デジタル庁が自治体に「ゼロトラスト」の大号令…何がどう変わるのか?

AI要約

デジタル庁が地方自治体にゼロトラストアーキテクチャを導入するよう促している理由について解説。

ゼロトラストアーキテクチャの概念と具体的な実施方法について詳細に説明。

国と地方の行政ネットワーク統一化に向けた提言と、現状の国・地方のネットワークの整備状況について述べられている。

デジタル庁が自治体に「ゼロトラスト」の大号令…何がどう変わるのか?

 デジタル庁は地方自治体に対し「ゼロトラストアーキテクチャ」の考え方を軸に据えたシステム体系の刷新を促している。ゼロトラストアーキテクチャとは、そもそもどのような考え方で、なぜ政府が自治体に協力を呼びかけているのか。2024年5月にデジタル庁設置の検討会が公表した「国・地方ネットワークの将来像および実現シナリオに関する検討会報告書」をもとに解説する。

 ネットワークセキュリティにおいて、外部からの攻撃がリスクになることはもちろんだが、内部においても情報漏えいや不正アクセスなどのリスクが存在することも忘れてはならない。

 そこで、「ネットワーク上には外部・内部を問わず脅威が存在する」、つまり「信頼(Trust)がゼロ(Zero)」という前提に立ったセキュリティ対策の考え方を「ゼロトラストアーキテクチャ」という。

 ゼロトラストアーキテクチャでは、これまでのネットワークの外部から内部に入る境界を防御する「境界型防御」に加えて、アクセス権を持ったユーザーが端末にアクセスしているかどうかを確認する「端末防御」を組み合わせたセキュリティ対策を行う。

 その際、端末防御においては、「トラスト・ゾーン(システムの内側の特権領域)を極小化する」ことを基本とする。

 具体的には、特定の業務フロー内で、あるリソースから別のリソースへのアクセスが最小権限になるという原則を満たすよう、事前に定められたアクセス制御のルールによって業務フローを取り巻く環境の情報を評価し、その結果にしたがってアクセス制御を実行するといった一連の手続きを踏む考え方だ。
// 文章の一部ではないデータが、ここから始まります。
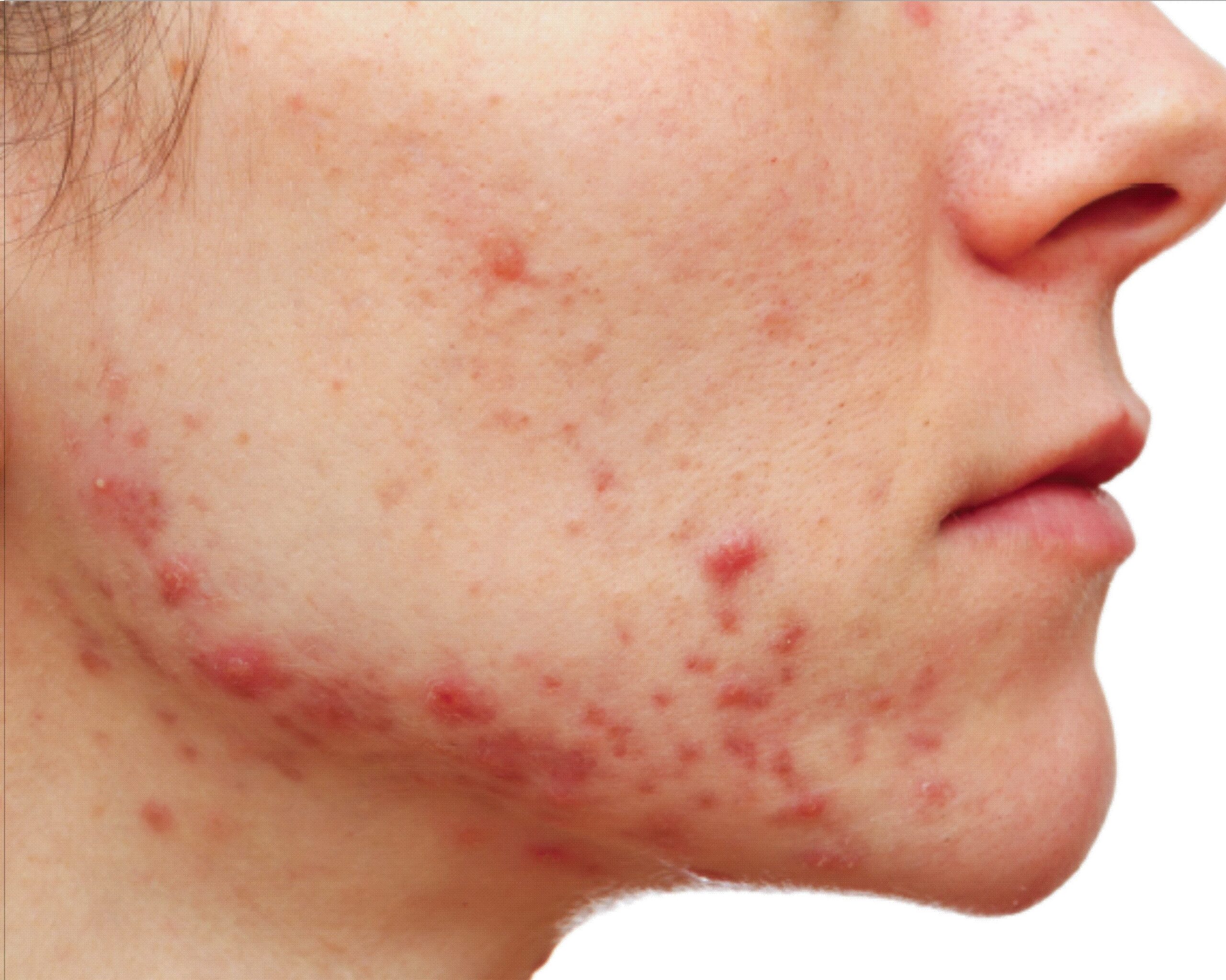 What Skin Routine Should You Follow for Acne?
 くわしくは後述するが、国が整備する「ガバメントソリューションサービス(GSS)」では、この境界型防御と端末防御を組み合わせたゼロトラストアーキテクチャの考え方が採用されている。

 検討会の報告書では、ゼロトラストアーキテクチャの考え方にもとづき、国・地方の行政ネットワーク統一化が提言されている。

 現行の行政ネットワークは、大きく国、地方それぞれのネットワークに分かれてシステム構築されている。

 国ではデジタル庁が、各府省共通の実務IT環境としてGSSを各府省庁に順次提供している(2024年5月現在で10の省庁で導入済み)。

 このGSSにおいては、前述したゼロトラストアーキテクチャの考え方にもとづき、冗長化(サーバやネットワークなどの負荷急増に備えてバックアップの回線を用意しておくこと)された共用可能な回線などを整備するとともに、仮想化技術(ハードウェアの機能をソフトウェアによって実現する技術)を用いて、柔軟で可用性の高い論理ネットワークを構築。これによって、テレワークなどの柔軟な働き方とセキュリティ対策を両立したネットワークが実現されているという触れ込みだ。

 他方、地方自治体においては都道府県・市区町村ごとに、自主的かつ独自にネットワークを整備・発展させてきた経緯がある。

 まず、地方公共団体情報システム機構(J-LIS)が整備した「総合行政ネットワーク(LGWAN)」という地方自治体間の組織内ネットワーク(庁内LAN)を相互に接続する通信ネットワークがある。このLGWANのほかにも都道府県・市区町村ごとに整備された個別のネットワークがあり、複数のネットワークが混在する形となっている。

 もう1つ、地方のネットワークシステムにおける特徴が「3層の対策(3層分離)」だ。自治体のネットワークを「マイナンバー利用事務系」、「LGWAN接続系」、「インターネット接続系」の3層に分離することでセキュリティを強化する情報セキュリティ対策を意味する。2015年に起こった日本年金機構における情報漏えい問題を受け、マイナンバー制度による情報連携の開始が迫る中で、セキュリティの向上に短期間で対応する目的で打ち出された。